Hi Linus,
Thanks for your feedback. I apologize for the late response, I didn’t receive any email notification due to the invalid email address "[email protected]". I have added the right address "[email protected]" and I am replying to your comments below (found and copied from https://www.spinics.net/lists/linux-gpio/msg58692.html)
Please send GPIO related patches to linux-gpio@xxxxxxxxxxxxxxx!
I will.
On Tue, Feb 23, 2021 at 11:51 PM Asmaa Mnebhi <Asmaa@xxxxxxxxxxxx> wrote:
>
> From: Asmaa Mnebhi <asmaa@xxxxxxxxxx>
>
> There are 3 possible GPIO interrupts which can be
> supported on BlueField-2 boards. Some BlueField boards support:
> 1) PHY interrupt only
> 2) PHY interrupt and Reset interrupt
> 3) Low power interrupt only
Is this a property of the GPIO block or more of a property of the
chip?
A bit of both. There are some boards which have only some of the above interrupts, some that don’t have any of those.
For example, the GPIO pin used for the PHY interrupt can vary from one board to another.
> There is one hardware line shared among all GPIOs among other
> things. So the interrupt controller checks whether the
> hardware interrupt is from a GPIO first. Then it checks which
> GPIO block it is for. And within the GPIO block, it checks
> which GPIO pin it is for.
> The "reset interrupt" and "low power interrupt" trigger a
> user space program.
Then they should be doing so using drivers in the proper kernel
subsystems, such as
drivers/power/reset/gpio-poweroff.c
drivers/power/reset/gpio-restart.c
Userspace has no business trying to intercept and take control
over such low level tasks as machine reset.
I am sorry I didn’t use the right words for this. the interrupt handler in this driver triggers an ACPI event which will in turn take care of initiating a script. The ACPI code does its magic independently of this driver. The function below " acpi_bus_generate_netlink_event" does that.

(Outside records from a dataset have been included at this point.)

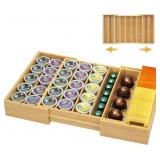 MinBoo Bamboo K Cup Holder for Drawer/Counters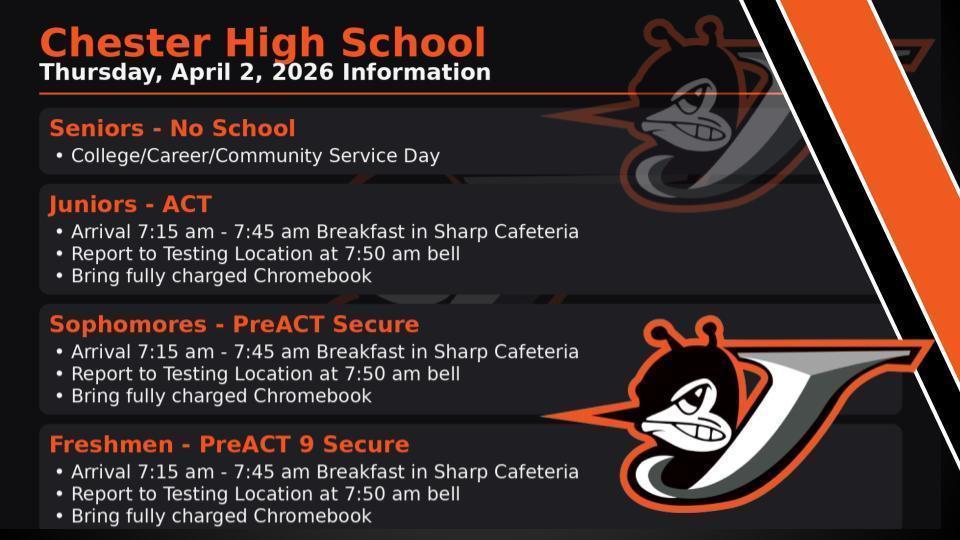 CHS Thursday, April 2nd, 2026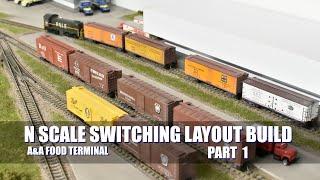 N Scale Switching Layout Build - Part 1 - A&A Food Terminal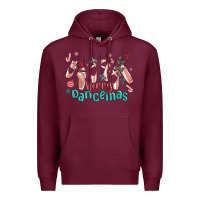 Burgundy merry dancemas christmas ballet Premium Hoodie - MaliasSmallBusiness
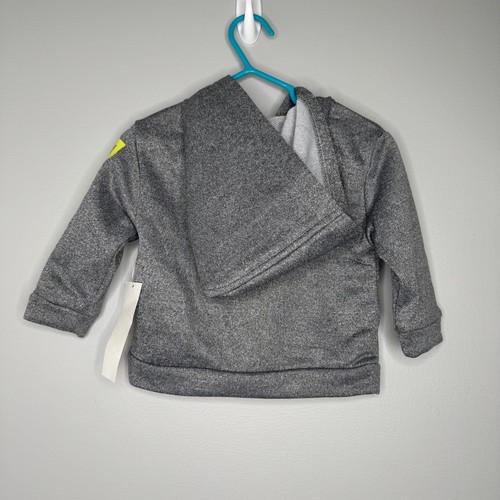 Reebok Boys Gray Zip Up Hoodie 12 Months - Picture 2 of 11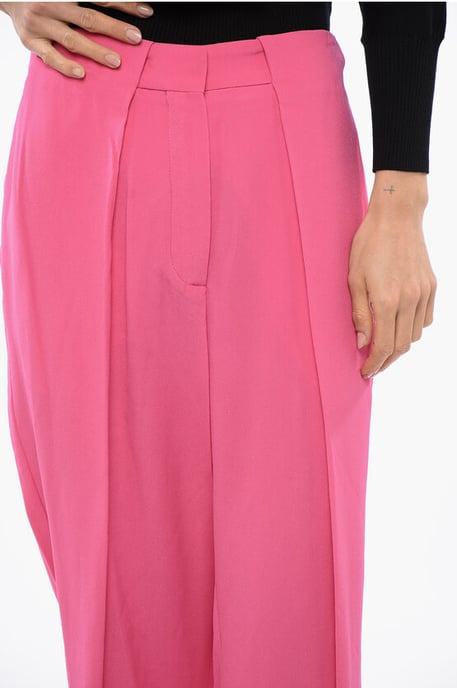 Tapered-fit High-waisted Pants in Pink - Image 2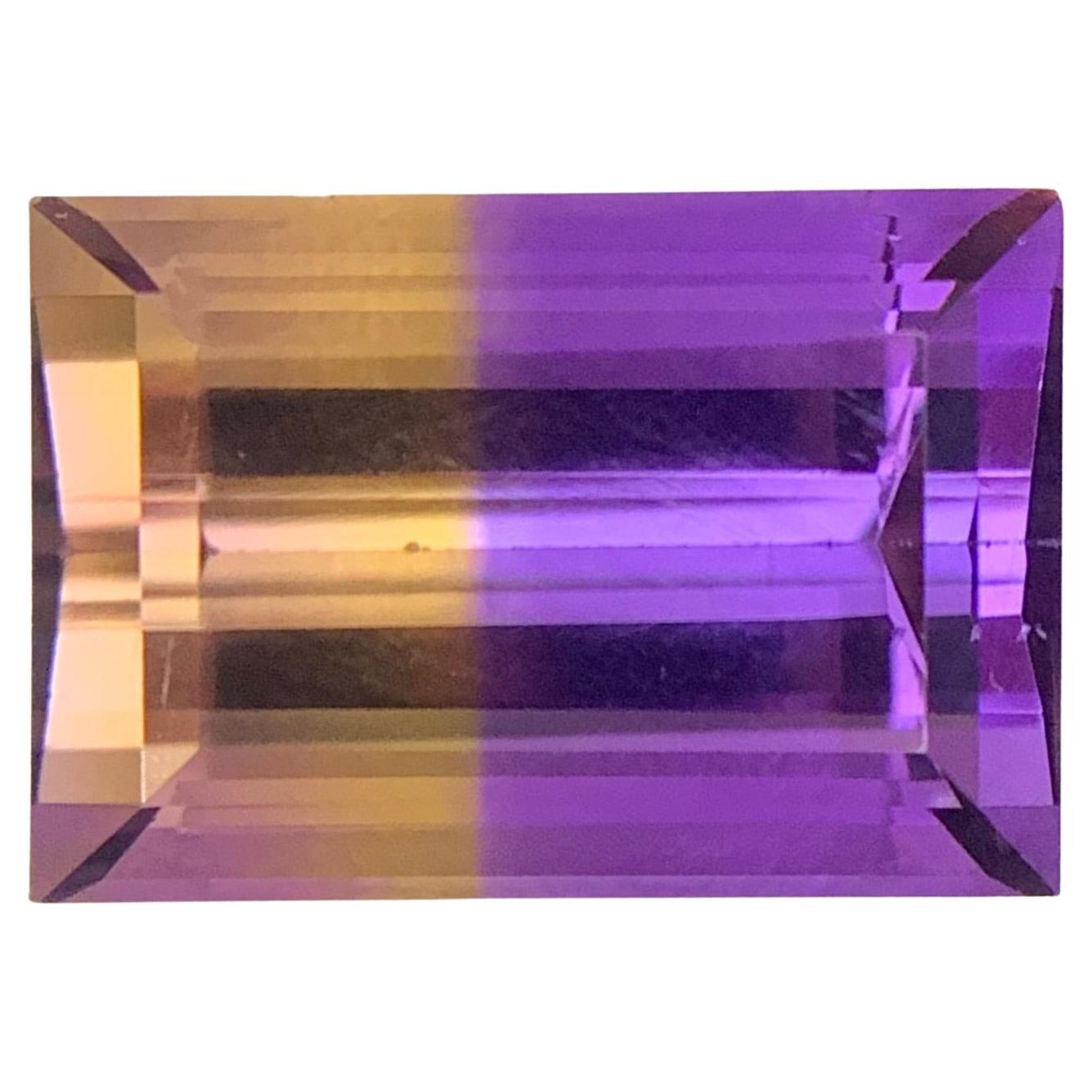 12,70 carati di ametrino naturale sfuso a forma di baguette in vendita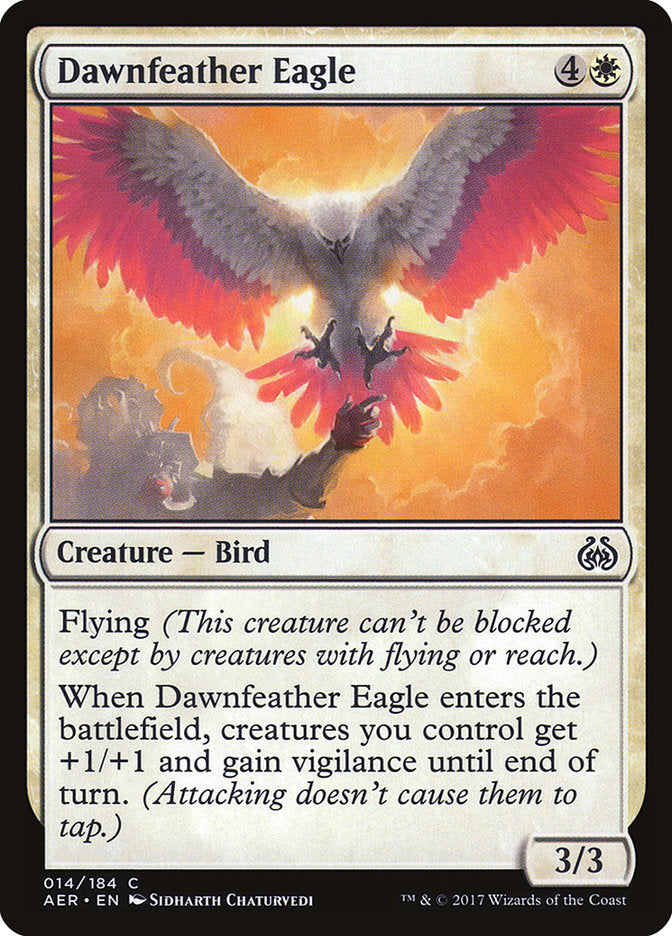 Dawnfeather Eagle (Intro Pack) [Aether Revolt Promos] | Local Legends
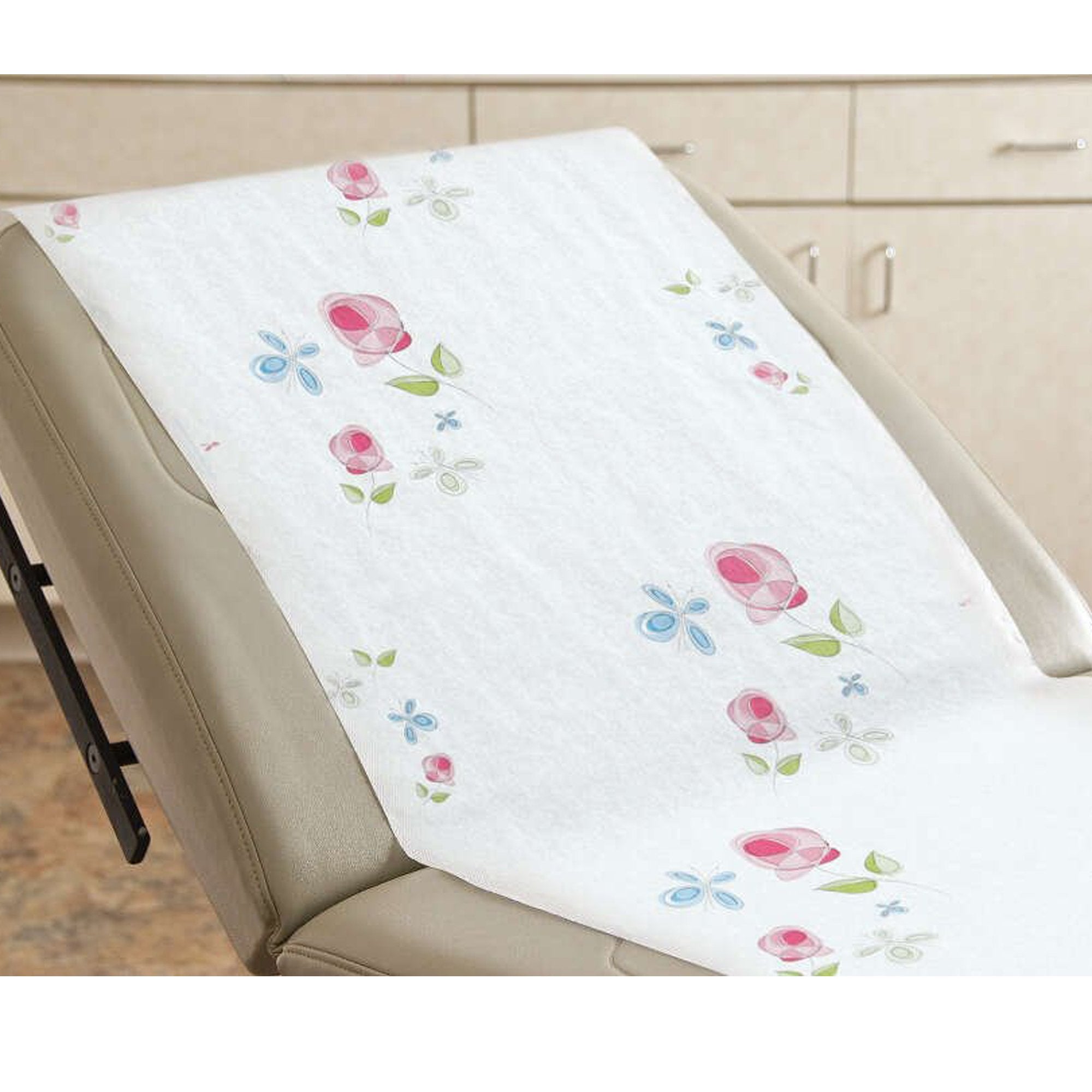 Table Paper Rose Garden 21 Inch Width 225 Foot Length Print (Roses) Smooth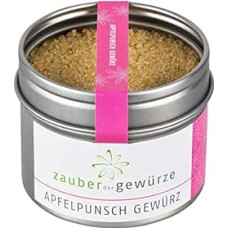 Zauber der Gewürze Apfelpunsch Prieskonių mišinys obuolių punšui be alkoholio arba su alkoholiu, obuolių sulčių prieskoniai, alternatyva karštam vynui, taip pat vaikų punšui ir obuolių pyragui, 110 g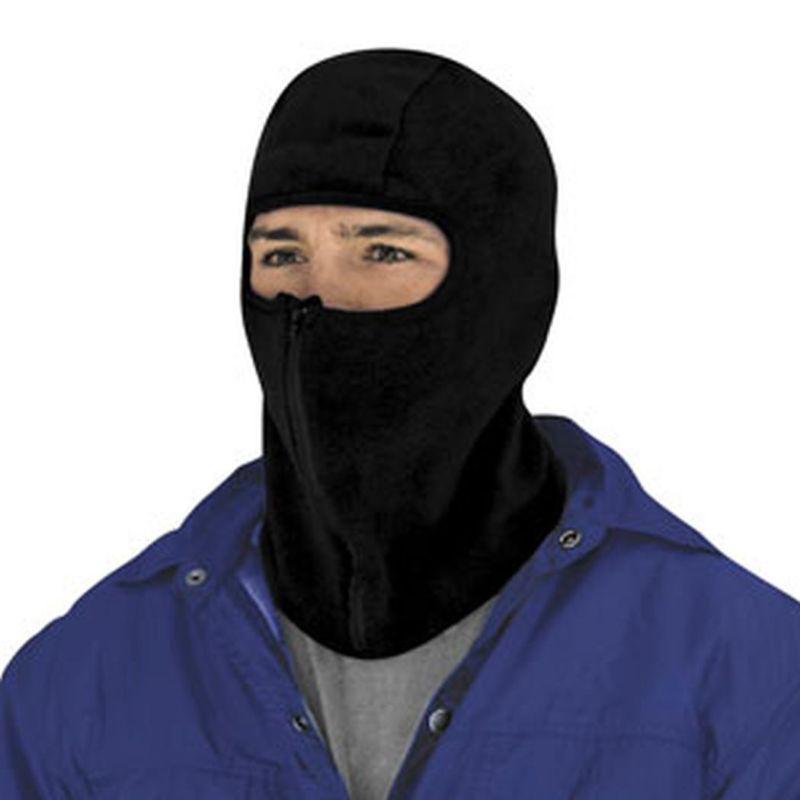 Zan cold weather microfleece with zipper adult micro-fleece balaclava,black,osfm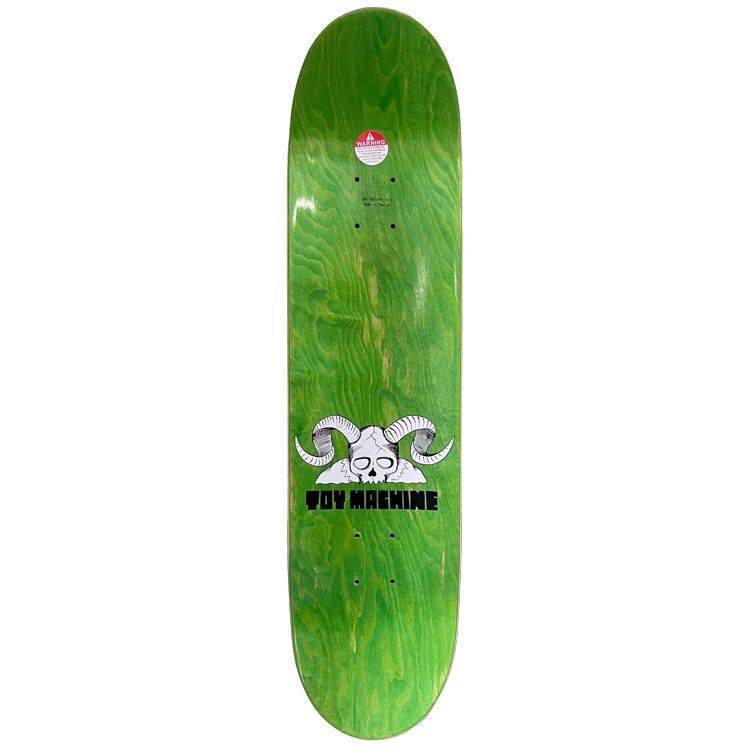 Toy Machine Horns Skateboard Deck - Blue 8"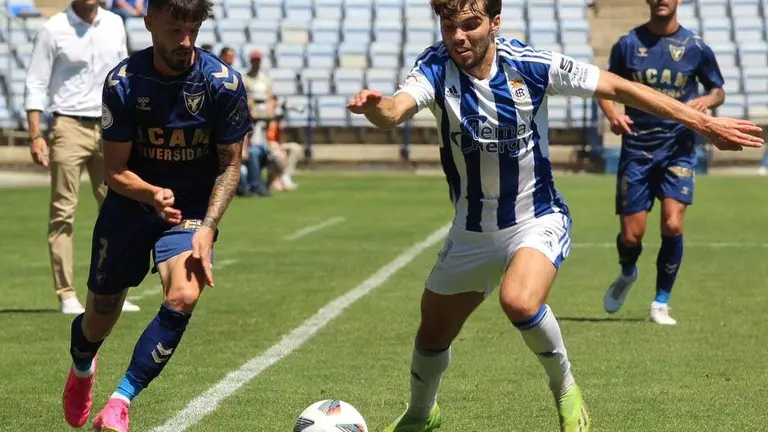 Lance el Recre-UCAM isputao hoy en el Nuevo Colombino.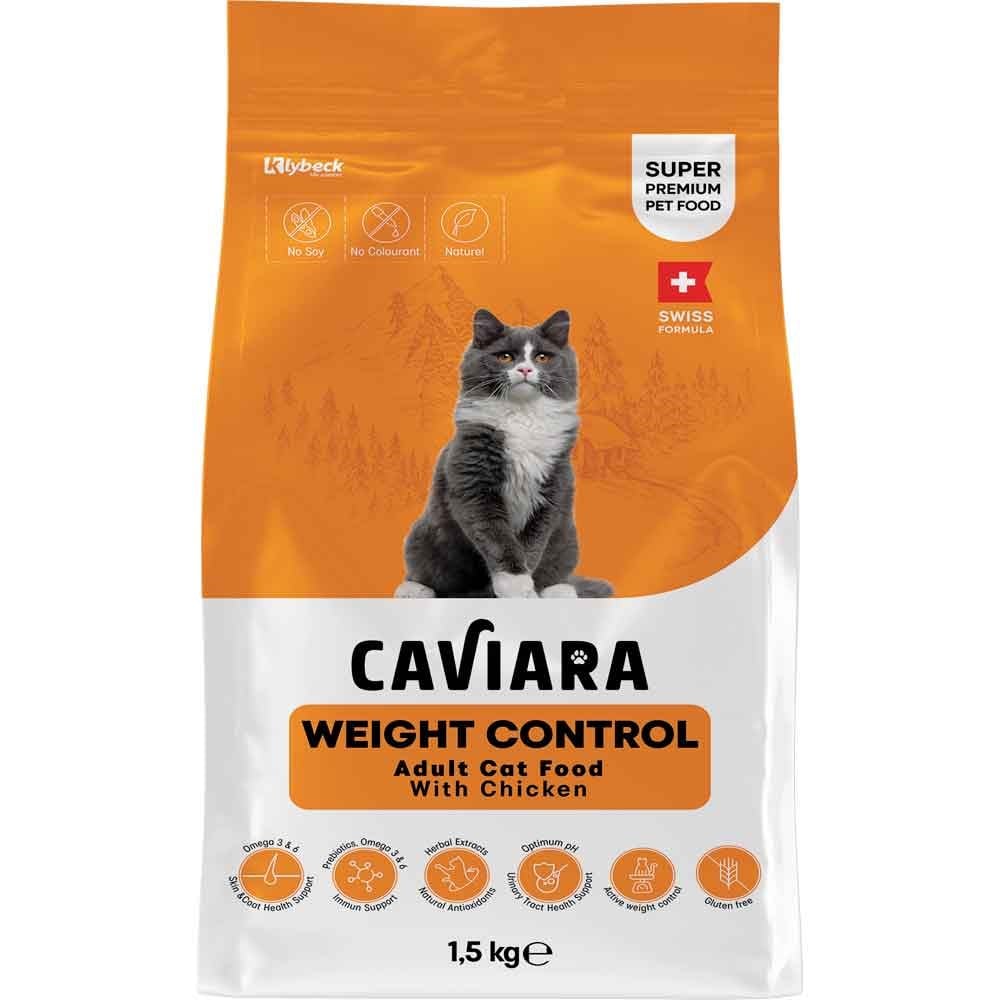 Caviara Kilo Kontrolü İçin Tavuklu Kedi Maması 1,5 Kg 7640297841325 Amazon Pet Center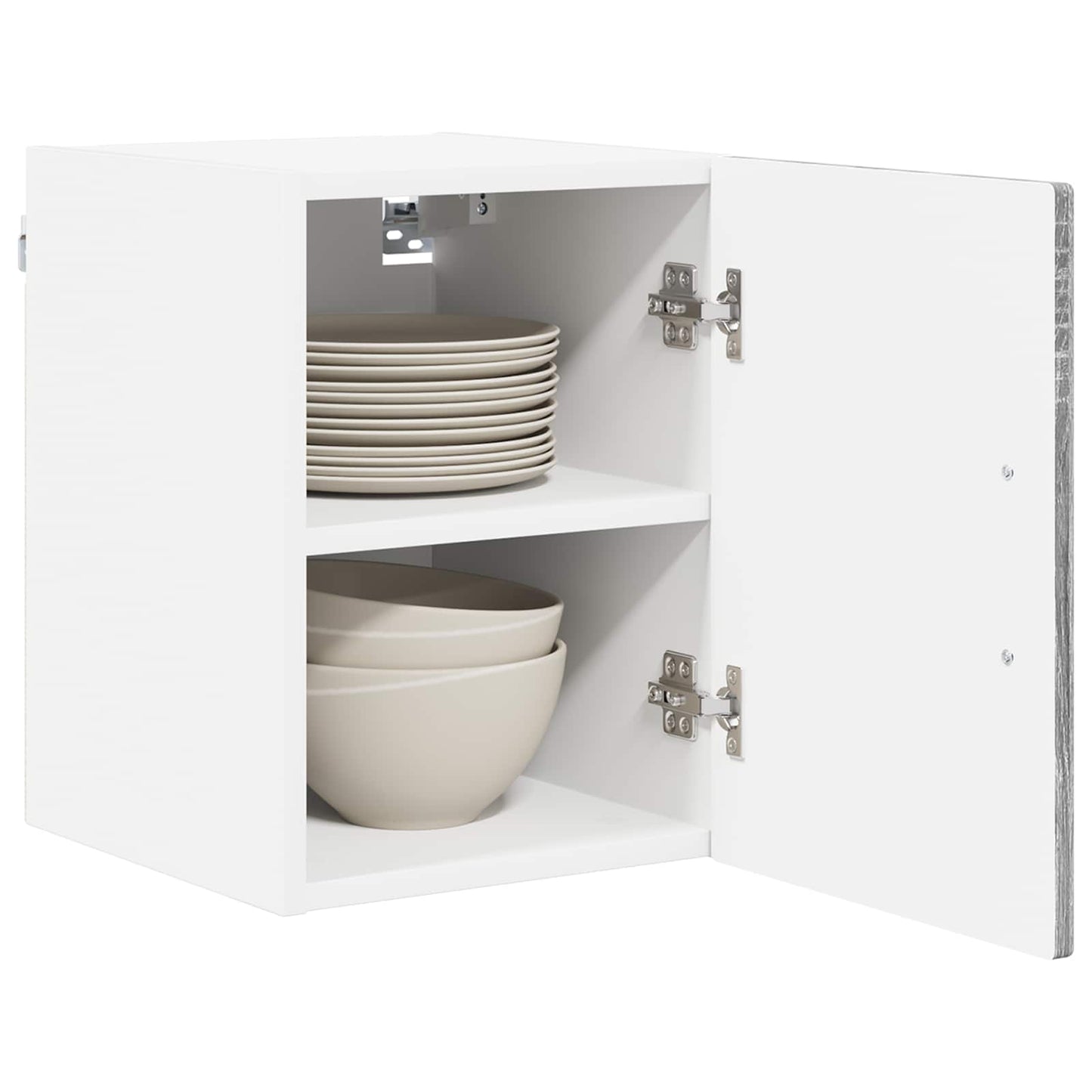 Wandschrank LUCCA 2 stk. Graues Sonoma Holzwerkstoff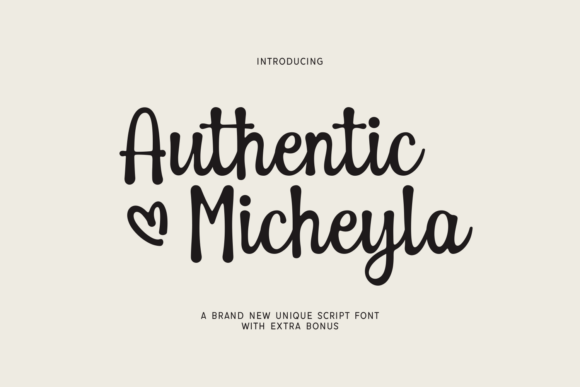 Authentic Micheyla: Elevating Modern Design with Playful Typography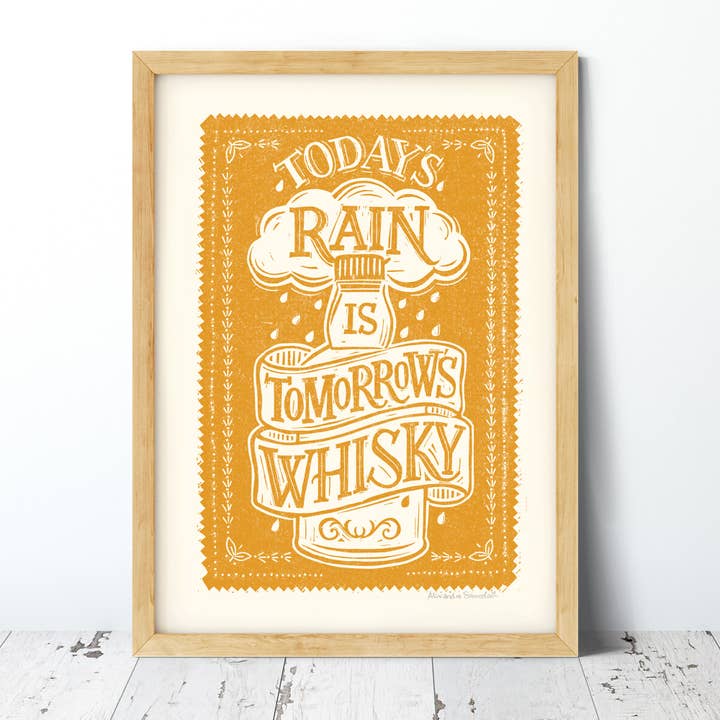 Scottish Whisky Print for wholesale by Alexandra Snowdon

> The PHY interrupt is mapped to a linux
> IRQ and passed down to a PHY driver.
Then the phy driver should obtain its IRQ just like any other IRQ
in the system, the fact that it happens to be on a GPIO line
does not matter.
The issue here is if I pass the HW interrupt line (from the ACPI) driver to the PHY driver, the PHY interrupt will be triggered every time the HW interrupt happens, which could be coming from an I2C interrupt, an MDIO interrupt or another GPIO interrupt. I only want to be triggering this interrupt after we check that it is specific to GPIO pin X.
> The GPIO pin responsible for these interrupts may also change
> across boards.
That's fine, the hardware description model (I guess in your case
ACPI) should take care of that.
We cannot really pass it through the ACPI table because the ACPI table is common to all BlueField-2 boards. And each board may have a different GPIO pin associated with a particular function. This is why we use ACPI properties instead of GpioInt(). So that the bootloader can change the GPIO pin value based on the board id detected at boot time.
> The ACPI table contains a property which is assigned a valid
> GPIO pin number if the interrupt is supported on a particular
> BlueField-2 board. The bootloader will change that property
> based on the board id.
OK and then the kernel uses ACPI.
We have some ACPI experts on GPIO, and you must have noticed
that we have a special ACPI layer for gpiolib.
This is what should provide IRQ resources to your other drivers so they
can look them up with a simple
struct gpio_desc *gpiod = devm_gpiod_get(dev, ...)
please see my comment above.
Please
NOTE: you are using GPIOLIB_IRQCHIP so you need to
add
select GPIOLIB_IRQCHIP
to Kconfig for this driver.
Ok!
> -// SPDX-License-Identifier: GPL-2.0
> +// SPDX-License-Identifier: GPL-2.0-only or BSD-3-Clause
> +
> +/*
> + * Copyright (c) 2020-2021 NVIDIA Corporation.
> + */
Send this as a separate patch as it is only administrativa.
It's fine I think, you mostly wrote this driver.
Ok!
> +#include <linux/gpio/consumer.h>
This looks weird but let's see!
> +#define DRV_VERSION "1.2"
We usually don't make this kind of stuff, skip this.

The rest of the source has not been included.